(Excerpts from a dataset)
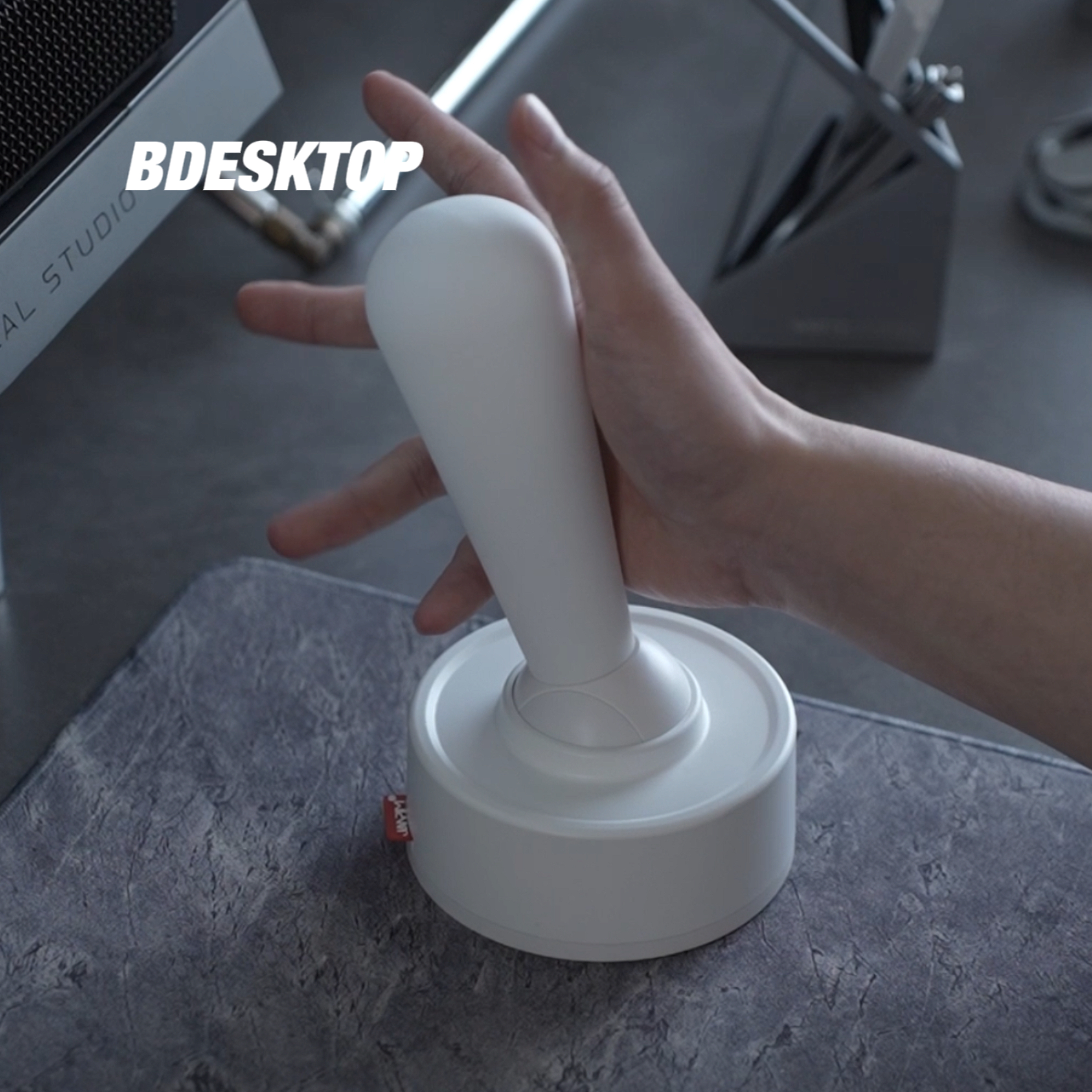 Bdesktop Design Shop｜Toggle switch light, creative home ambiance light, inspiration design toggle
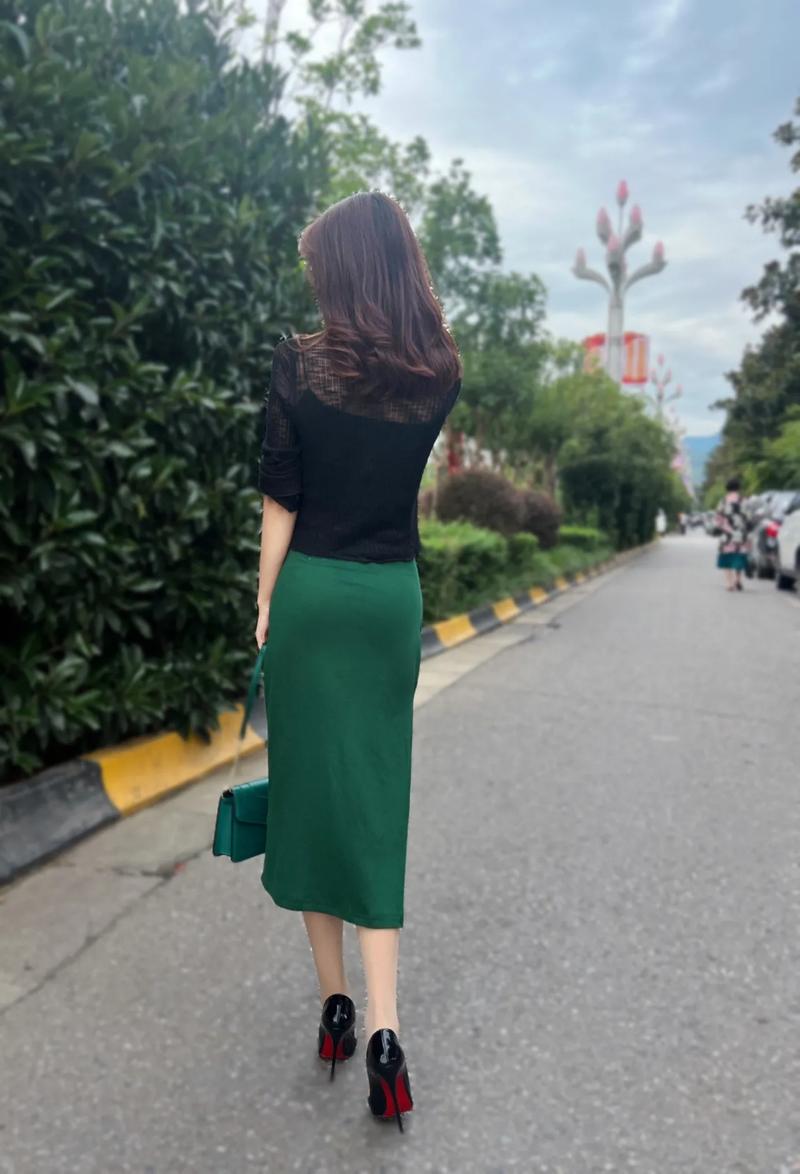黑皮肤 绿衣服怎么搭配图片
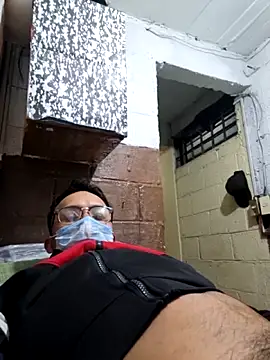 BumblingB online show from February 7, 9:05 am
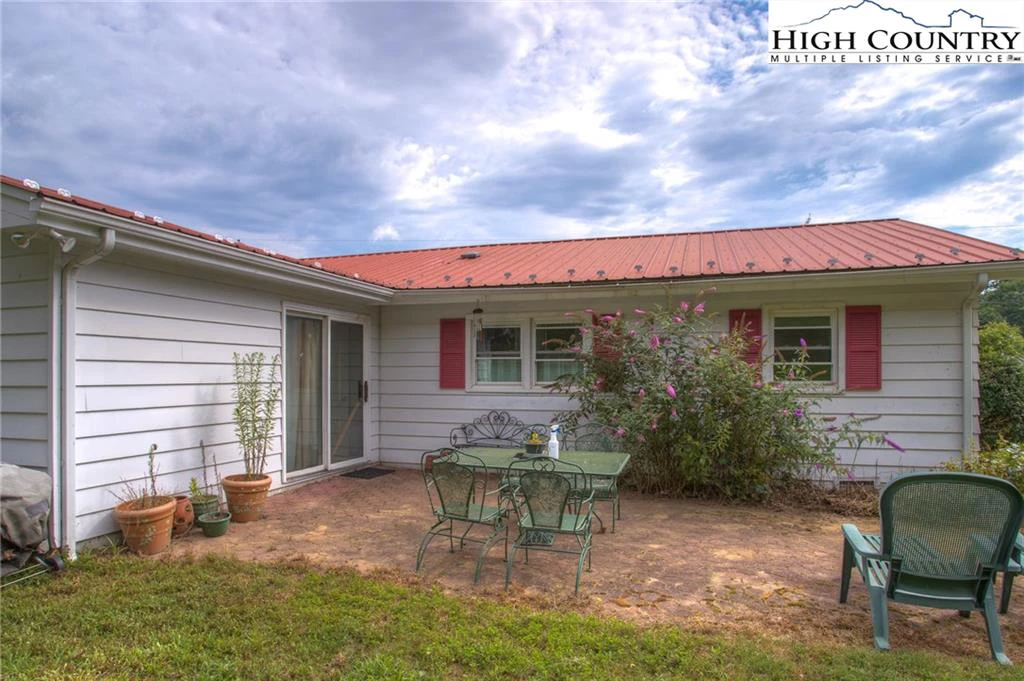 Image number 13 for the current listing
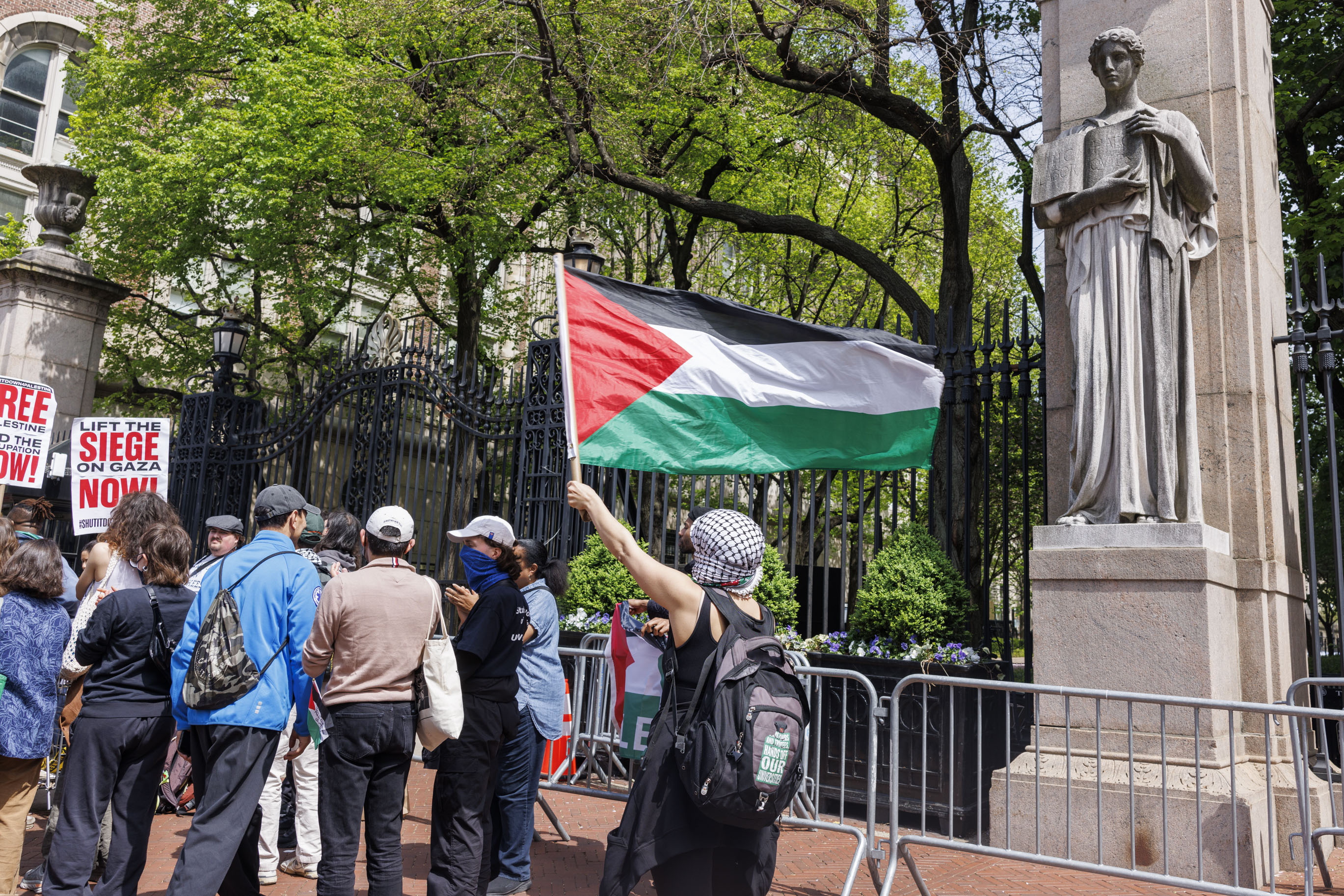 Por “antisemitismo”: Trump corta millonarios fondos a Universidad de Columbia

Exercise aim:
From the line with "黑皮肤 绿衣服怎么搭配图片" to the final line of the entries above, reproduce each line exactly and nothing else; the pictures stay out.

Answer to the exercise:
黑皮肤 绿衣服怎么搭配图片
 BumblingB online show from February 7, 9:05 am
 Image number 13 for the current listing
 Por “antisemitismo”: Trump corta millonarios fondos a Universidad de Columbia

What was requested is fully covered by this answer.